In September 1975 I met a guy in college named Larry who latched onto me. We both needed a friend, someone who would accept us as we were—warts and all. I had just gone through a teenage divorce, and Larry had given up drugs for Jesus and driving through red lights going 80 mph. We both were trying to figure out what we would do with our lives, asking God where he was leading us and very uncertain about what was next. I thought I might like to be a pastor but already had discovered that some churches I encountered were not very open to those who had been divorced. My mistakes made no difference to Larry, and his made no difference to me.
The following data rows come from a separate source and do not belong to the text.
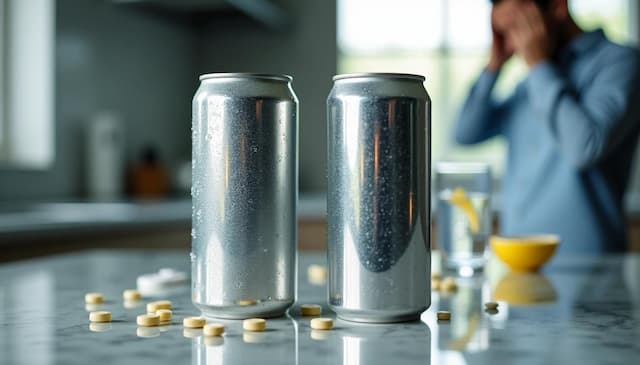 Worried about diet soda side effects? This image highlights aspartame concerns—showing unmarked soda cans, artificial sweetener tablets, and a person experiencing a headache. Explore the symptoms of aspartame sensitivity and what science says about diet drinks.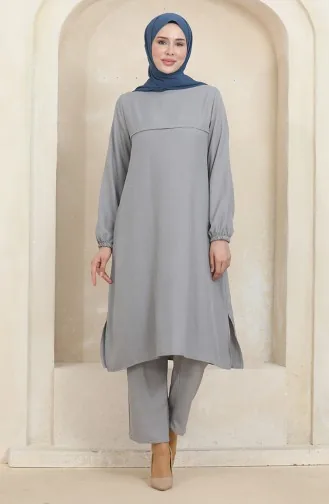 Tunika-Hosen-Doppelanzug Mit Elastischen Ärmeln 1005-04 Grau 1005-04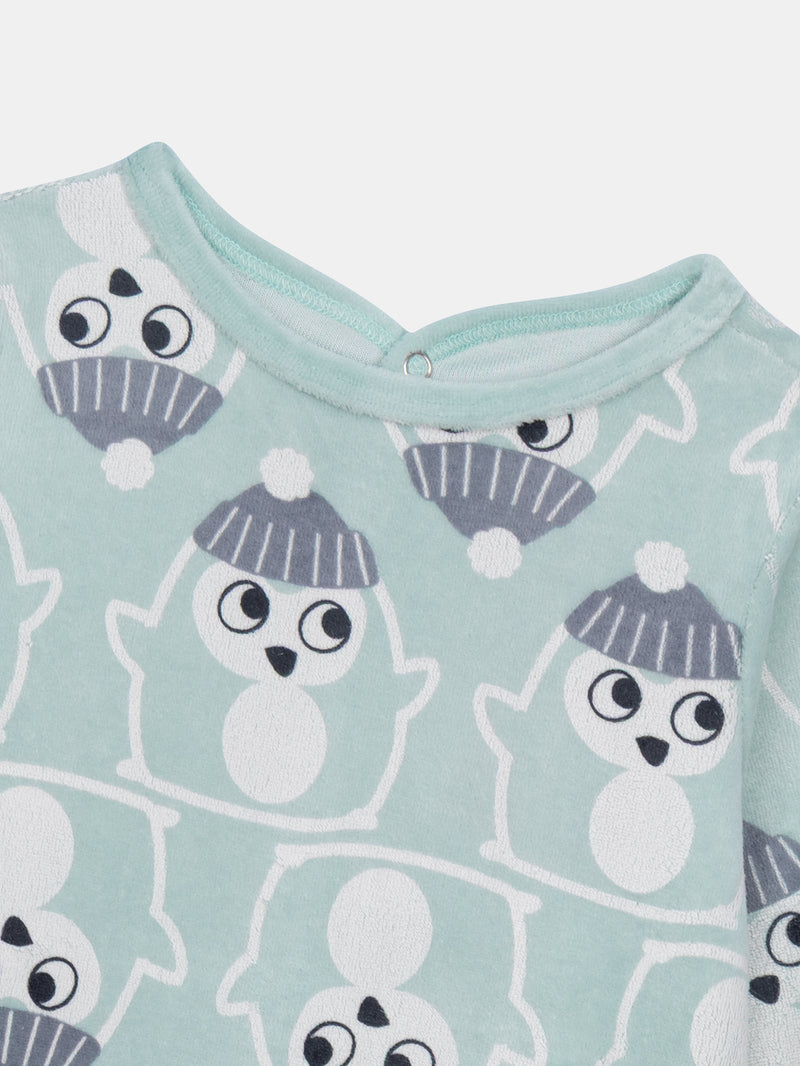 Grenouillère en velours vert de gris imprimé pingouins pour bébé garçon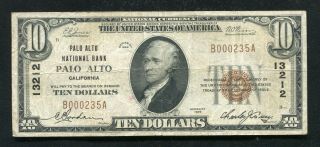 1929 $10 Palo Alto National Bank Palo Alto,  Ca National Currency Ch.  13212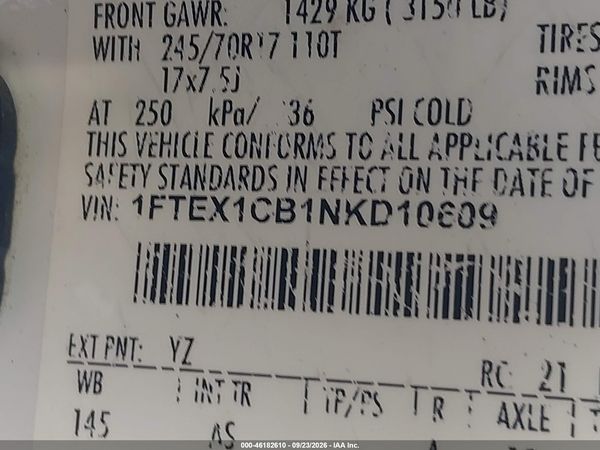 2022 FORD F-150 XL — I9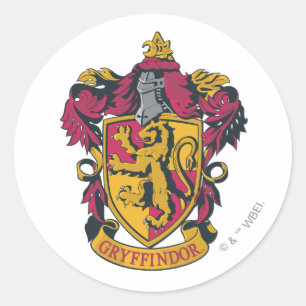 Sticker Rond Harry Potter Gryffindor Crest Gold et Red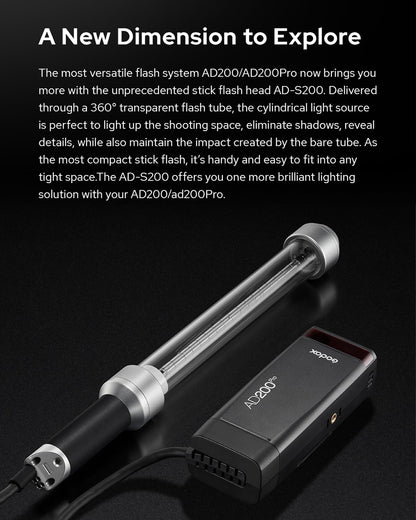 Godox AD200OPro II Accessories, Godox AD-S200 Stick Flash Head 200W 5800K for AD200, AD200Pro and AD200Pro II Pocket Flashes with Barn Door, Carry Bag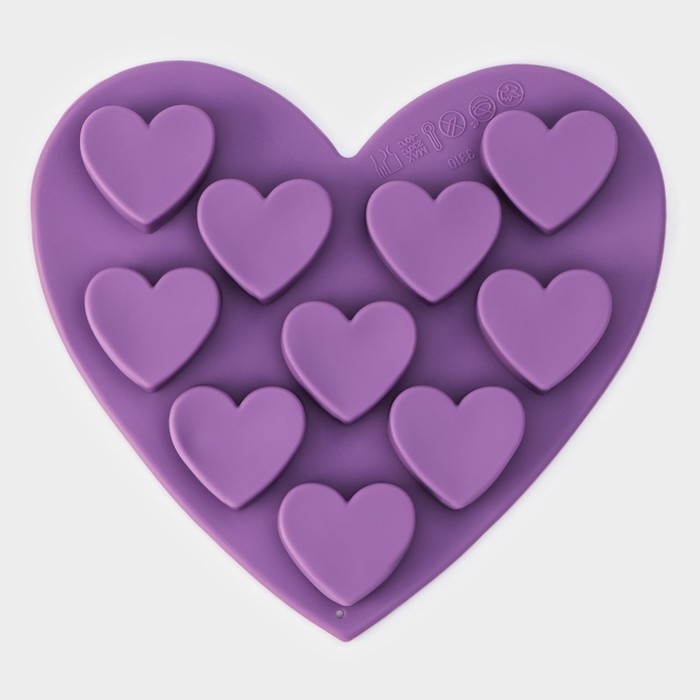 Форма для конфет и шоколада Доляна &laquo;Сердечки&raquo;, силикон, 15&times;14.5&times;1.5 см, 10 ячеек, МИКС
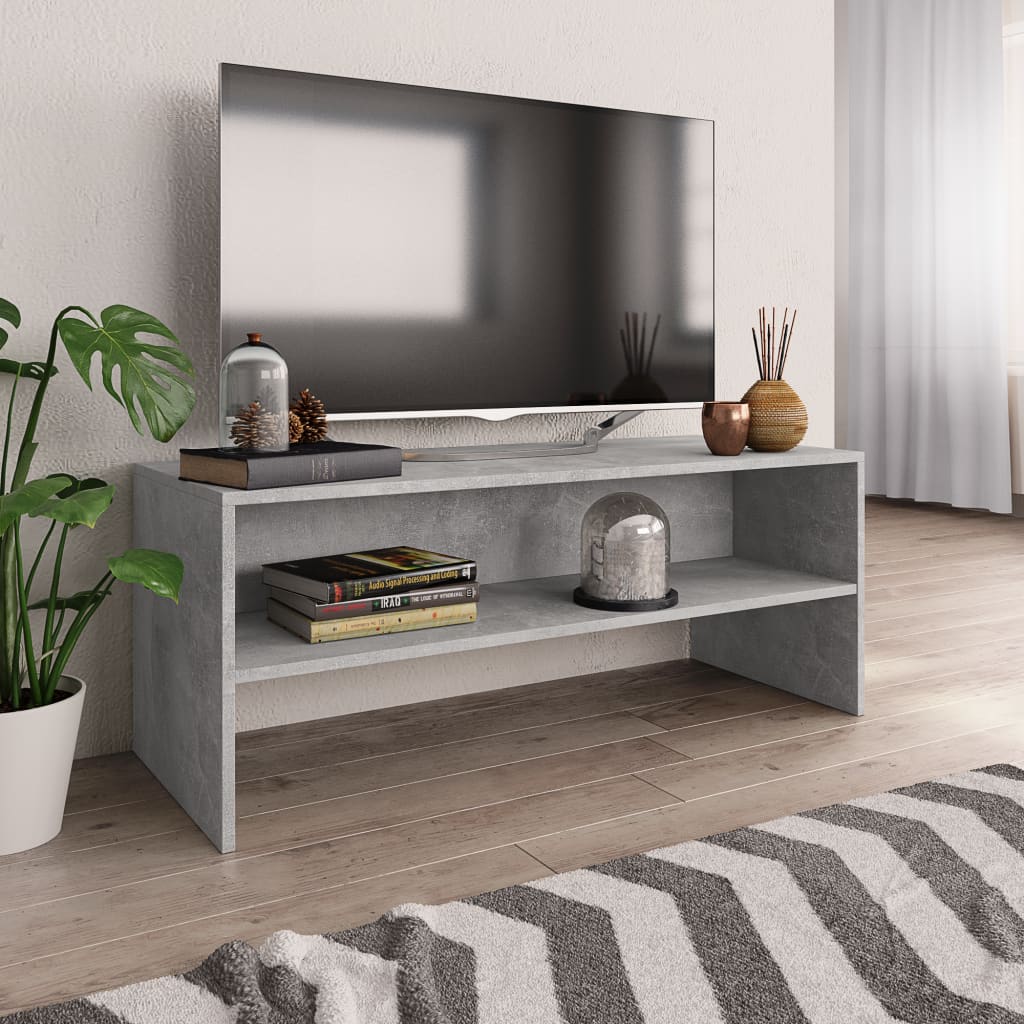 Mobile Porta Tv Grigio Cemento 100x40x40cm In Legno Multistrato - Image 2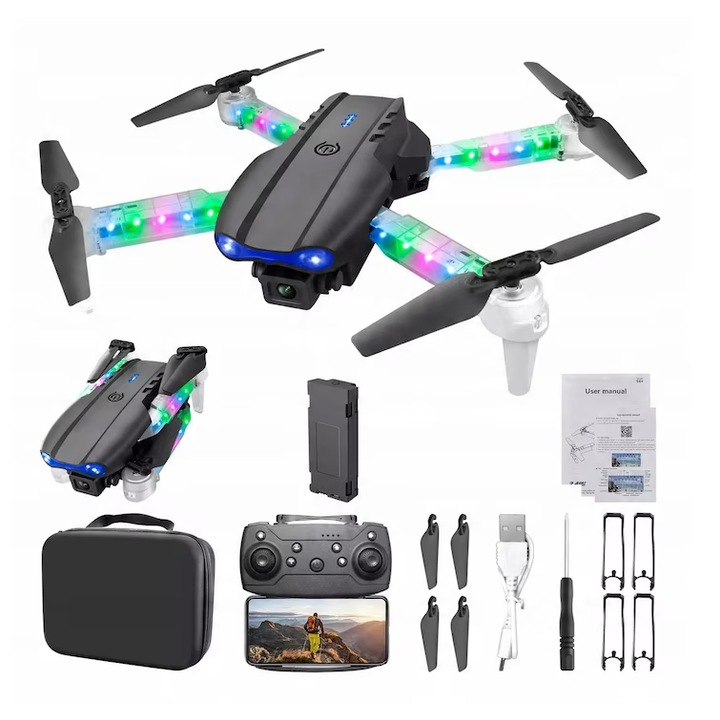 Мини сгъваем дрон Light Edition с двойна HD камера, Wi-Fi FPV и 2 батерии – Обхват на управление до 100 м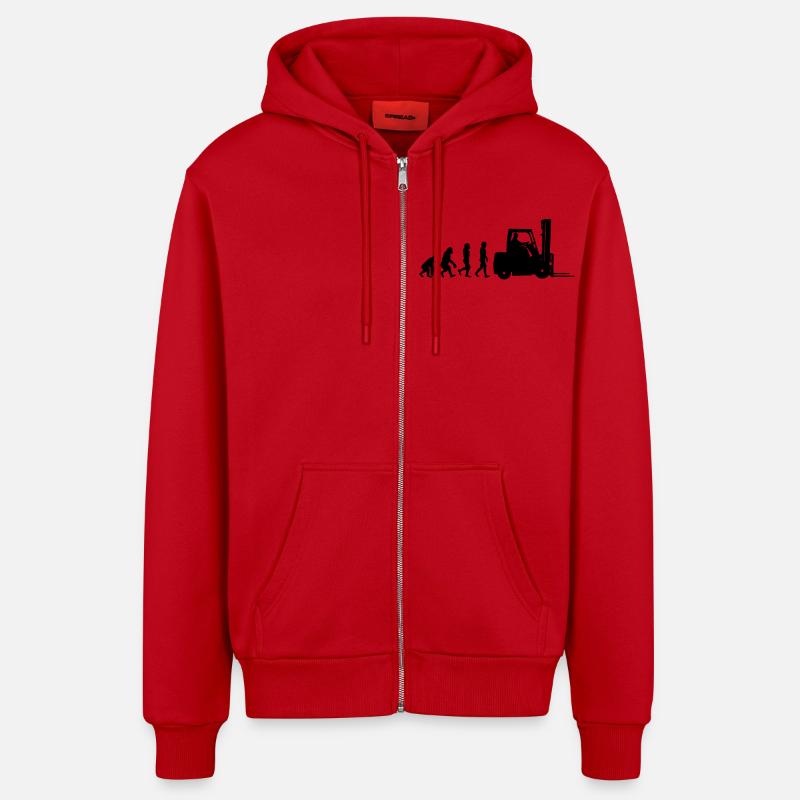 Evolution Staplerfahrer - Organic Relaxed Kapuzenjacke Made in EU - Rot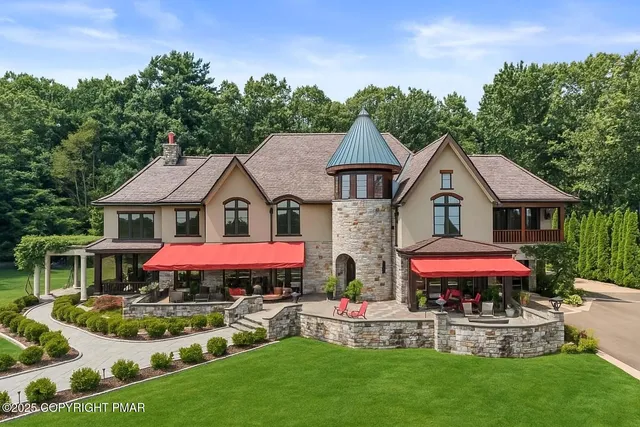 a view of a lake with a mountain in the background
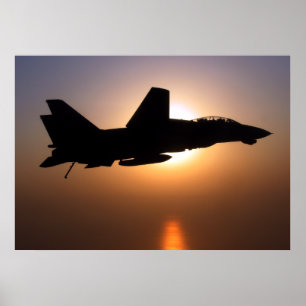 F14 auf Sonnenuntergang-Patrouille Poster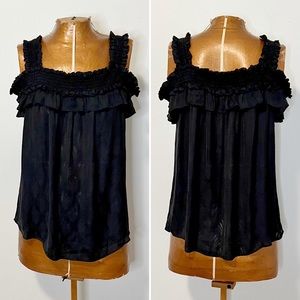 Anthropologie Semi Sheer Leaf Print Ruffled Cold Shoulder Sleeveless Top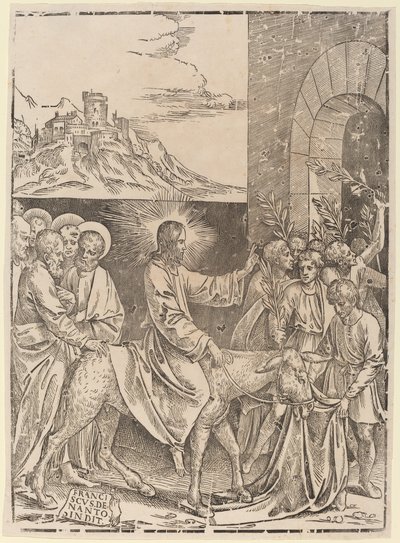 Kristuksen tulo Jerusalemiin tekijältä Francesco Denanto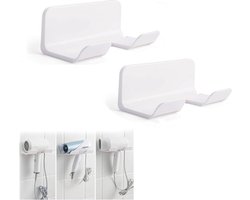 Beugel voor föhn - beugel - Wit - Föhn Houder – Badkamer Wandhouder – Ruimtebesparend & Stijlvol -Föhnhouder Wandmontage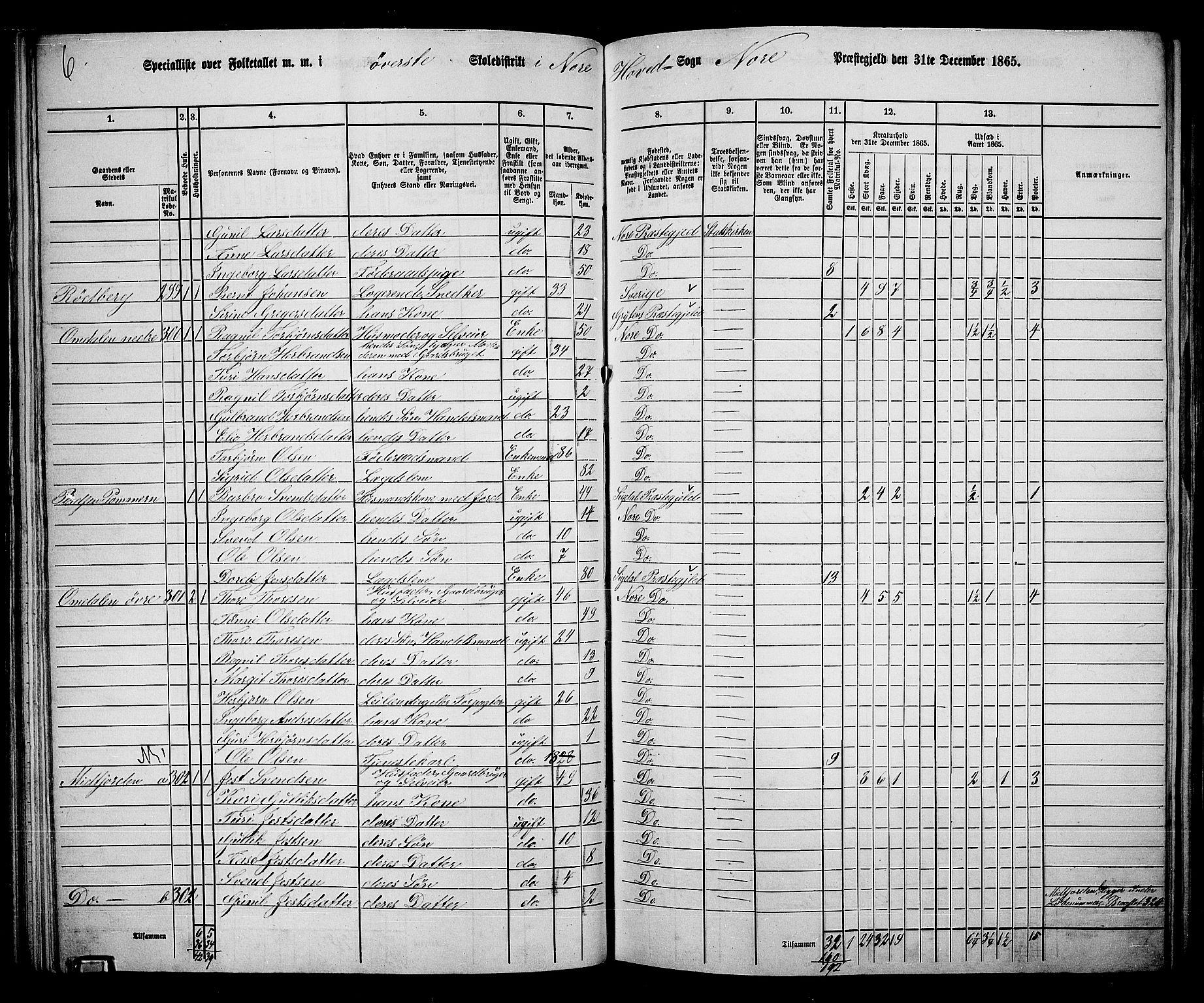 RA, 1865 census for Nore, 1865, p. 75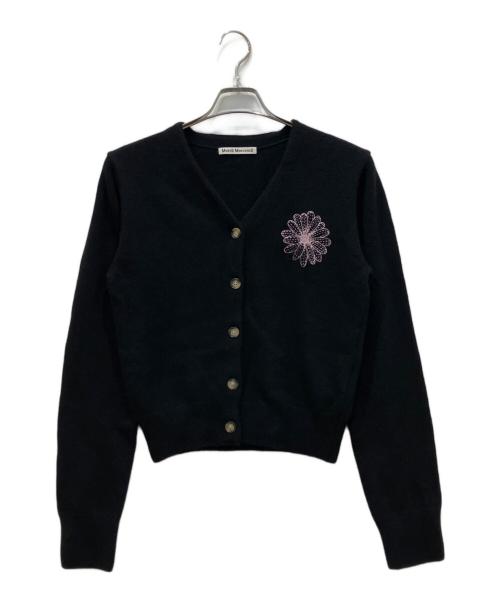 Mardi Mercredi（マルディメクルディ）MARDI MERCREDI (マルディメクルディ) RACOON BLENDED CARDIGAN V NECK ブラック サイズ:ONEの古着・服飾アイテム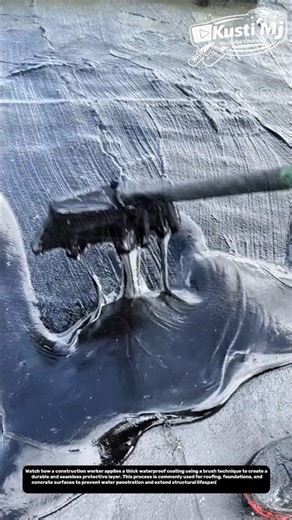 Seamless Waterproof Coating Application | Professional Bitumen Layering Technique.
When it came to sharing what he felt and saying exactly what he thought, Larry was an open book—too open actually. Sometimes he was not, shall we say, very self-aware. But he was honest. He really didn’t care what people thought about him as he openly shared his painful and positive emotions, whatever they may have been on any particular day. I liked that. I, on the other hand, cared a lot about what people thought about me. I did not want to be judged, so I played my cards close to the vest.
Larry was a city boy from Phoenix; I was a small town kid from Colby, Kansas.
Larry was opinionated (very opinionated), crass, funny and odd. But he also was open-hearted and gave me a wide berth. Never once did he force me to talk about what I didn’t want to talk about. When he talked openly about his emotions, I was drawn to that. I did a lot of listening. I had grown up in a home where sharing emotions was not our strong suit. Larry was pretty much an open book. He felt and shared all sorts of emotions. I was from the Land of Numb and I remember thinking, “How is he able to be so open like that?”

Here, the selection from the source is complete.